Transposable elements are evolutionary cousin of viruses. They make copies and insert themselves into another locus in the genome.
As such, organisms have developed defence mechanism to counteract them. The Piwi-interacting RNA (piRNA) pathway is a highly conserved such defence system in metazoan.
piRNAs are 24 - 32nt long small RNA and silence transposon mRNA with PIWI-clade Argonaute proteins. The piRNA pathway is predominantly active in the germline where majority of transposons are active. However, piRNA pathway is also active in the ovarian somatic cells of Drosophila species because of one type of retrotransposons called gypsy.

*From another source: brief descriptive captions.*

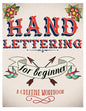 Hand Lettering For Beginer, A Creative Workbook: Create and Develop Your Own Style,8.5 x 11 inch,160 Page - Paperback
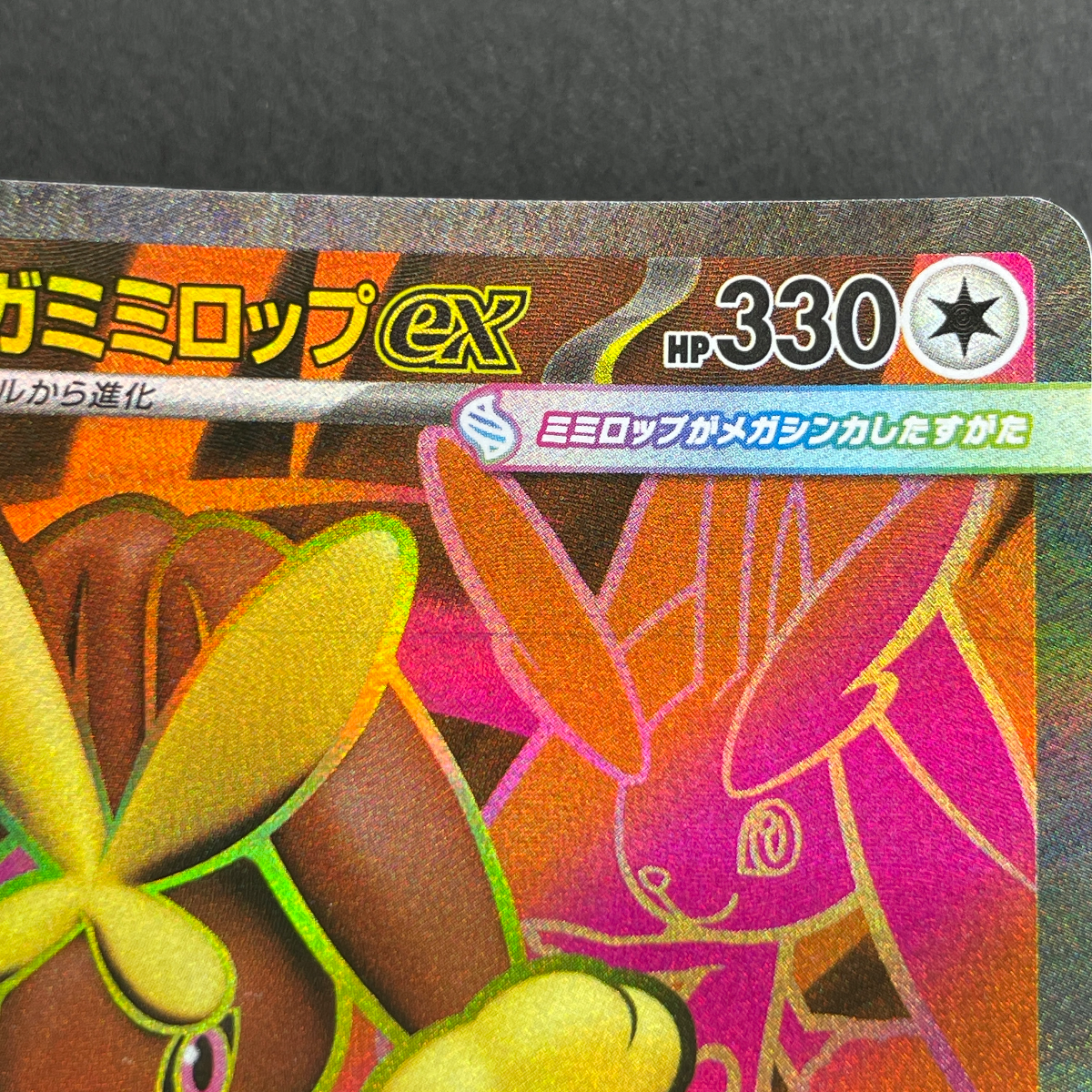 Mega Lopunny ex SR 100/080 Pokemon card Inferno X M2 (1.NM)
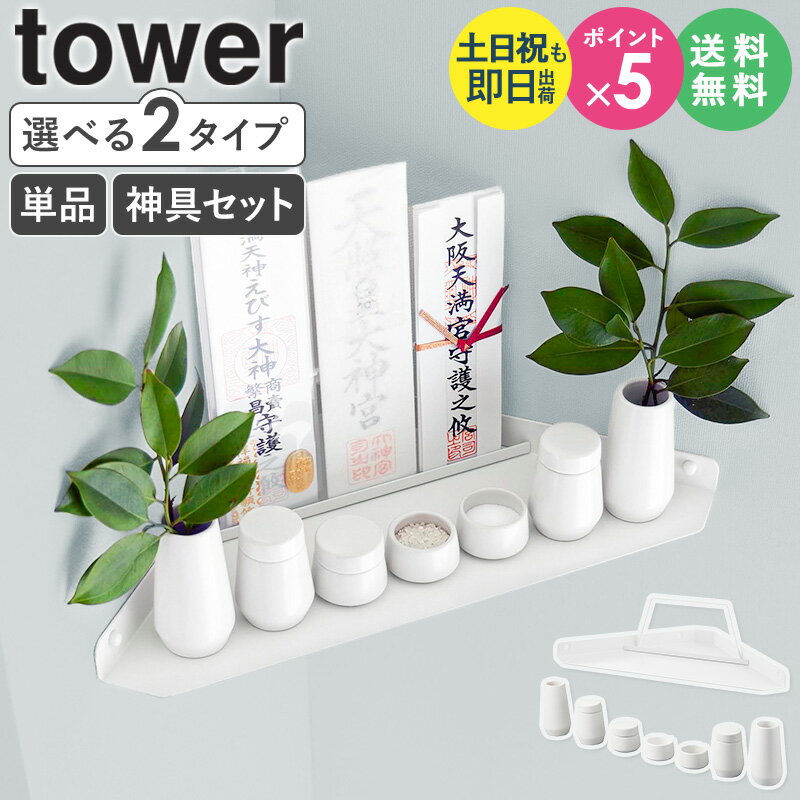 ŵĤ[ 륳ʡê  Фܡб tower ¶ ñ/ê7å ] ê 񥻥å ...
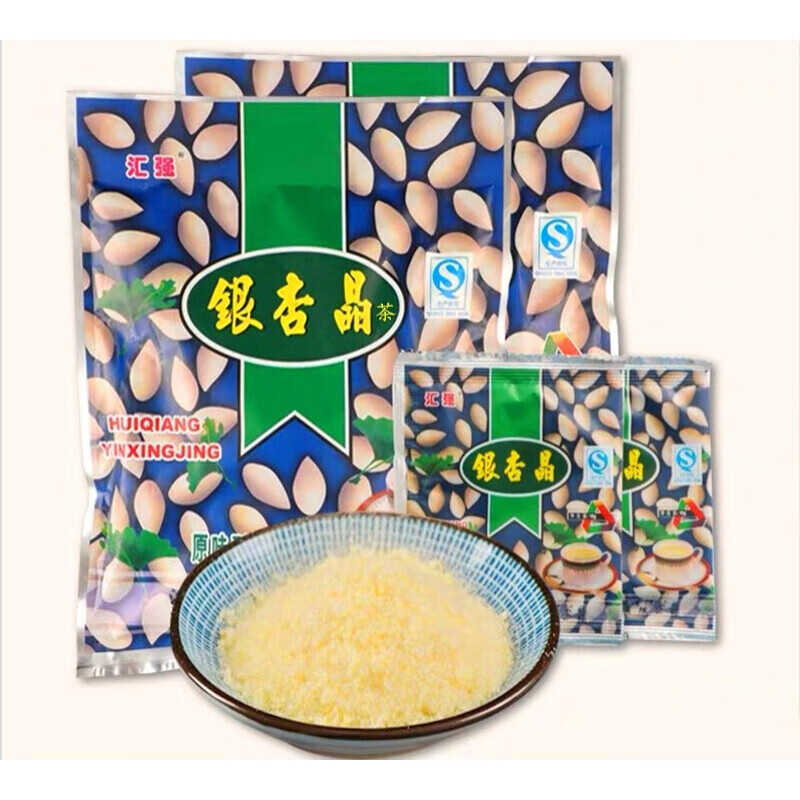 元族泰兴特产汇强银杏晶银杏奶茶袋装原味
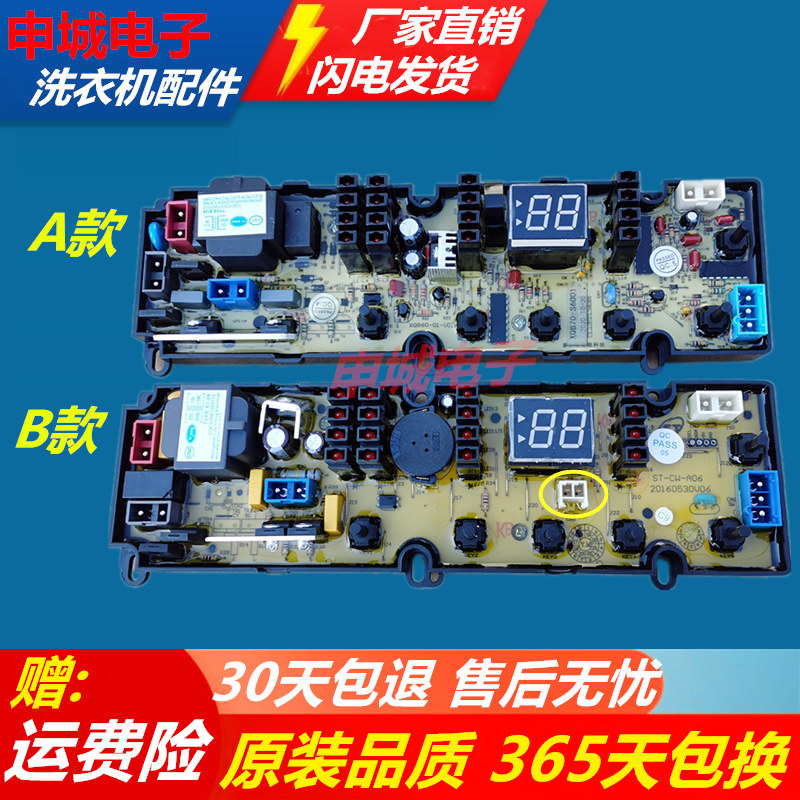 Xinle washing machine computer motherboard XB70-S6001 XQ70-S6005 XB80-8001 XQ60-S3001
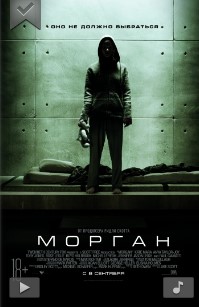 Морган (2016)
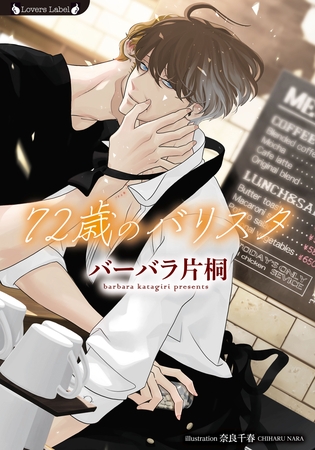 72歳のバリスタ 72歳のバリスタ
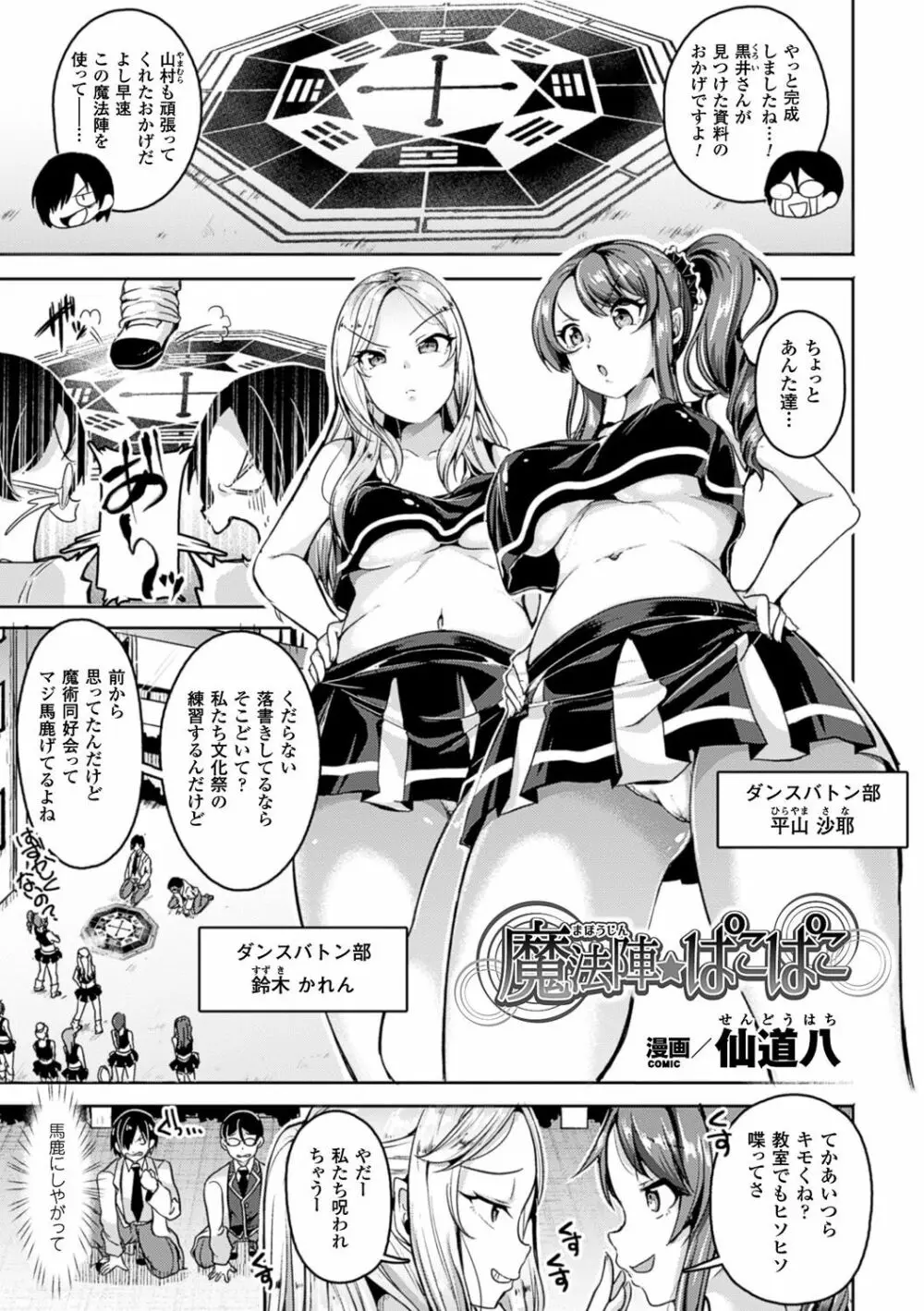 別冊コミックアンリアル いじめっ娘に不思議な力で復讐編 デジタル版 Vol.1 Page.4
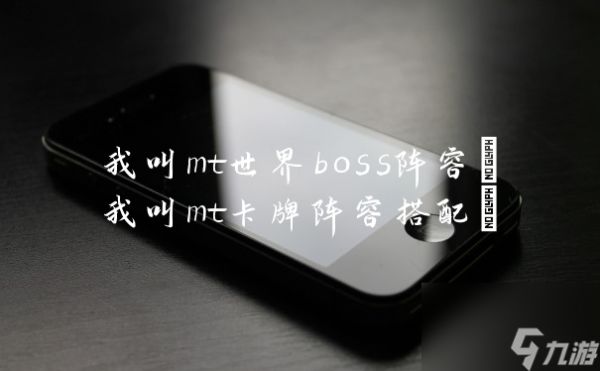 我叫mt世界boss阵容(我叫mt卡牌阵容搭配)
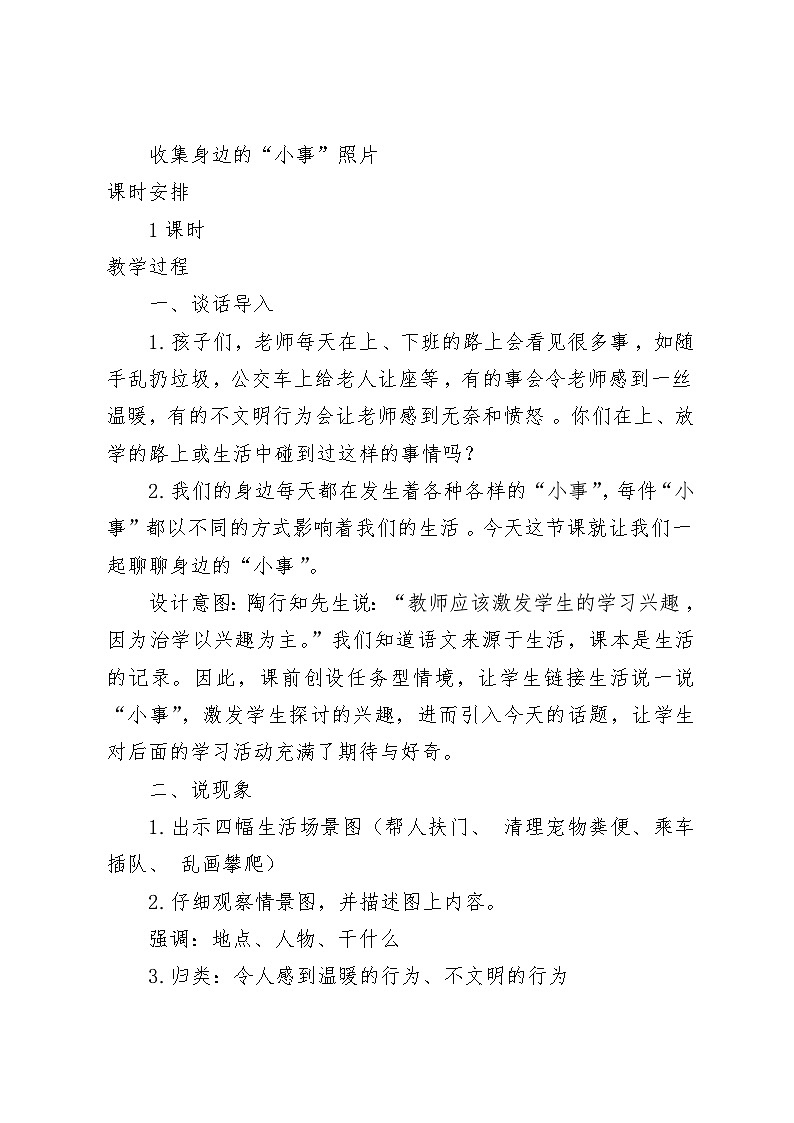 口语交际：身边的“小事”（教学设计）-2023-2024学年语文三年级上册统编版02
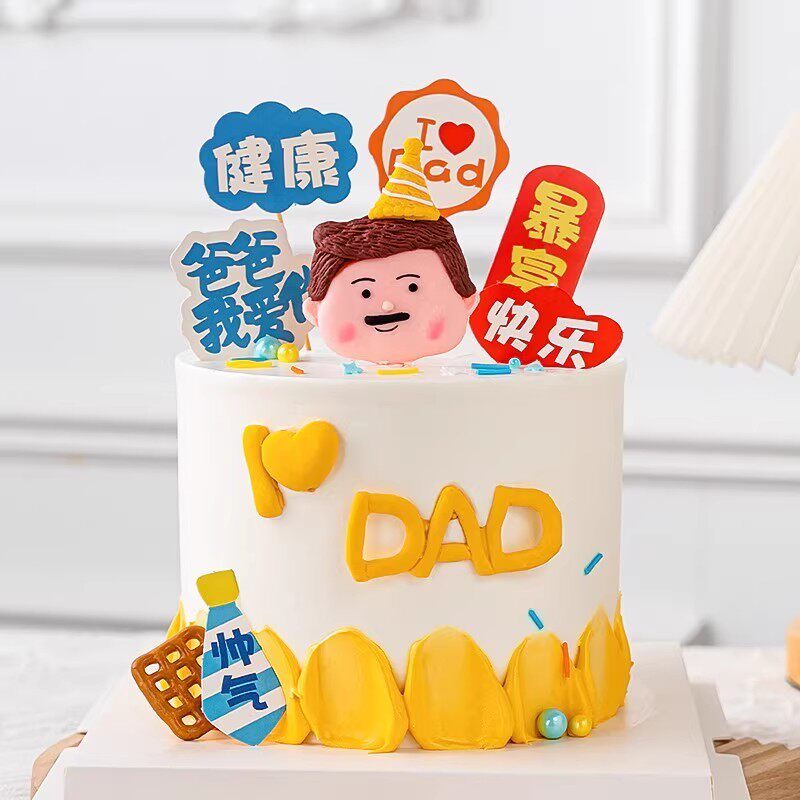 父亲节蛋糕装饰福气满满健康快乐爸爸生日祝福语老爸节日插牌摆件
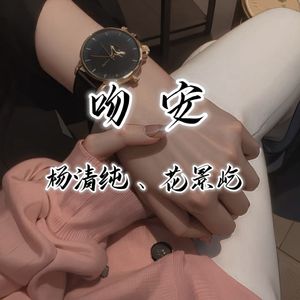 吻安（合唱版）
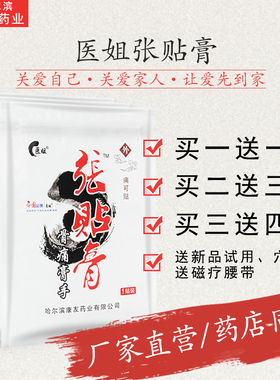 正品医姐张贴膏痛可贴痛骨膏手黑百通黑膏坐骨神经半月板颈椎腰椎
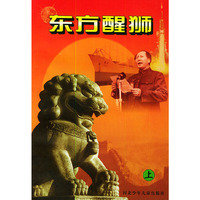 东方醒狮（上中下册）：献给为新中国的崛起而奋力开拓的创业者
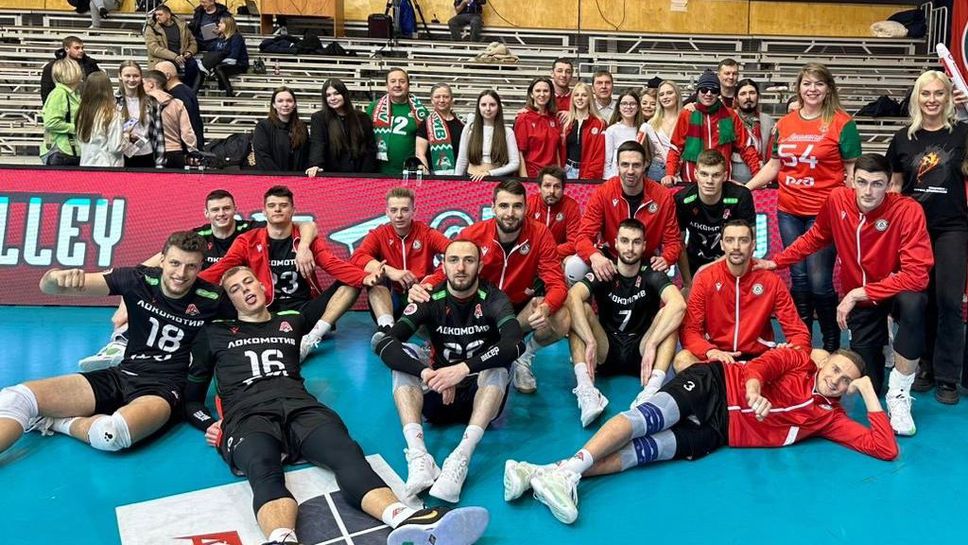 Мартин Атанасов и Денис Карягин донесоха победа №20 за Локомотив ...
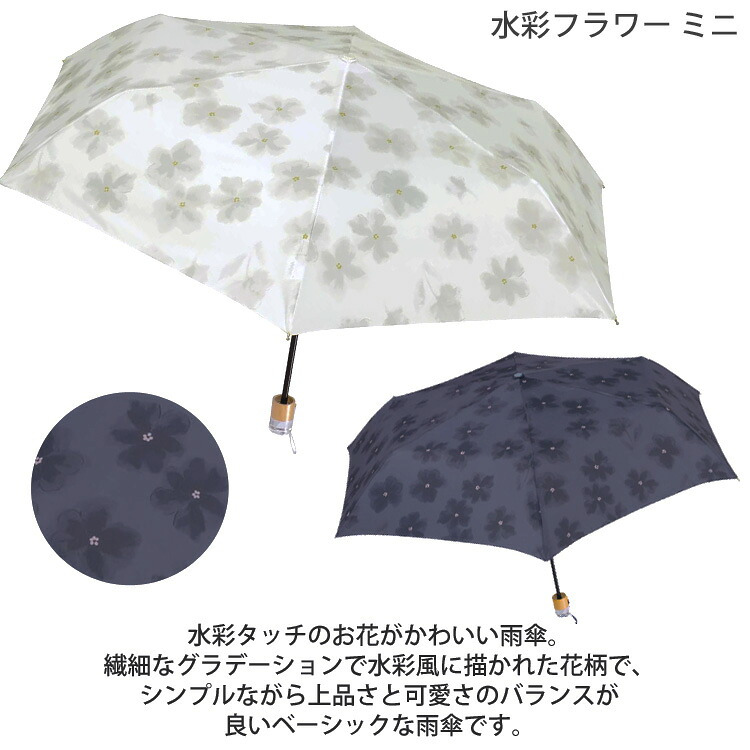 折りたたみ傘 水彩フラワー ミニ フラワー 定形外 送料無料 雨傘 軽量 晴雨兼用 3476-015-002 持ち手 クリア 花柄 かわいいレディース 通勤 通学 女性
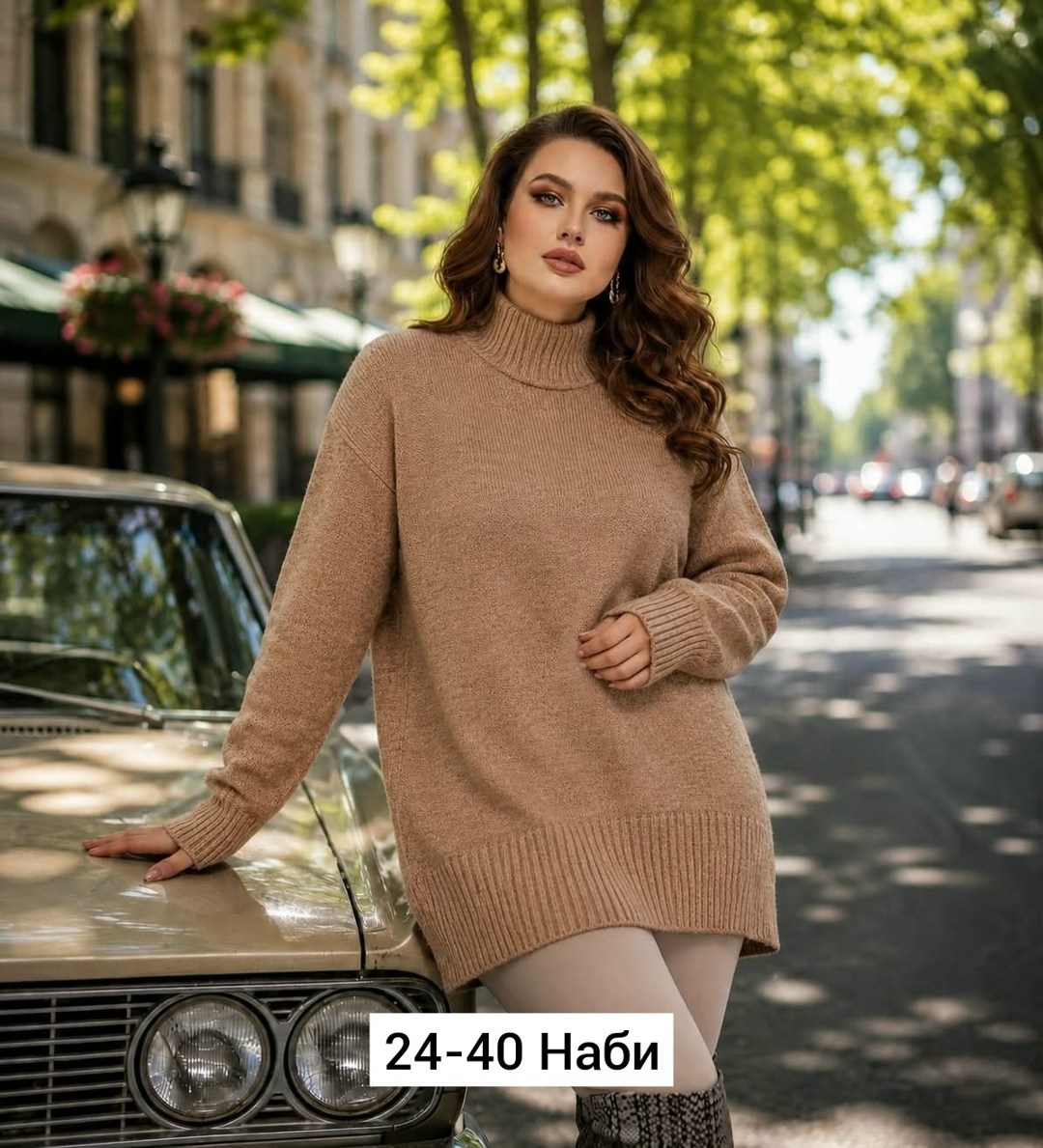 свитера женские,джемпер,кофта женская,свитер,свитер вязаный женский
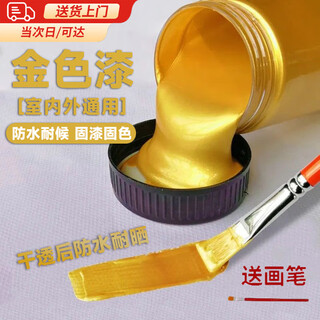 Juke gold powder paint, gold foil paint, gold paint, gold paint, gold paint, gold tracing tombstone special tracing paint, inscription paint, art paint, gold (120ml), free 1 tracing pen, oily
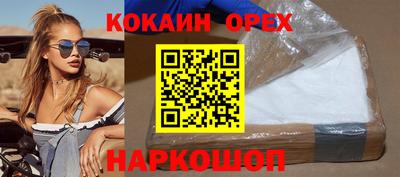 амф Лесосибирск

The prototypical gypsy retrotransposon only carries gag and pol genes while one class of gypsy retrotransposons in Drosophila carries an additional ORF called envelope.
The envelope gene resembles those from other insect DNA viruses and it allows the transposon to transmit across the cell membrane.
The somatic piRNA pathway is distinct from its germline counterpart, especially in the mechanism of piRNA biogenesis, and has only been studied in Drosophila.
However, by an in silico survey, we found that envelope-gypsy retrotransposons are widespread in Dipteran insect species outside Drosophila. We speculate that gypsy retrotransposons have been horizontally transferred across different genera in >100 million years of Diptera evolution.
But, the piRNA pathway cannot be horizontally transferred unlike transposons. Is the somatic piRNA different between species that acquired envelope-gypsy at different times in evolution? If so, are there any common features?
We characterised the genomic distribution of gypsy retrotransposons and the somatic piRNA pathway of a variety of Dipteran species to answer this question.
Species we studied include Sheep blowflies, Queensland fruit flies, hover flies, black soldier flies, and Maralia mosquitoes.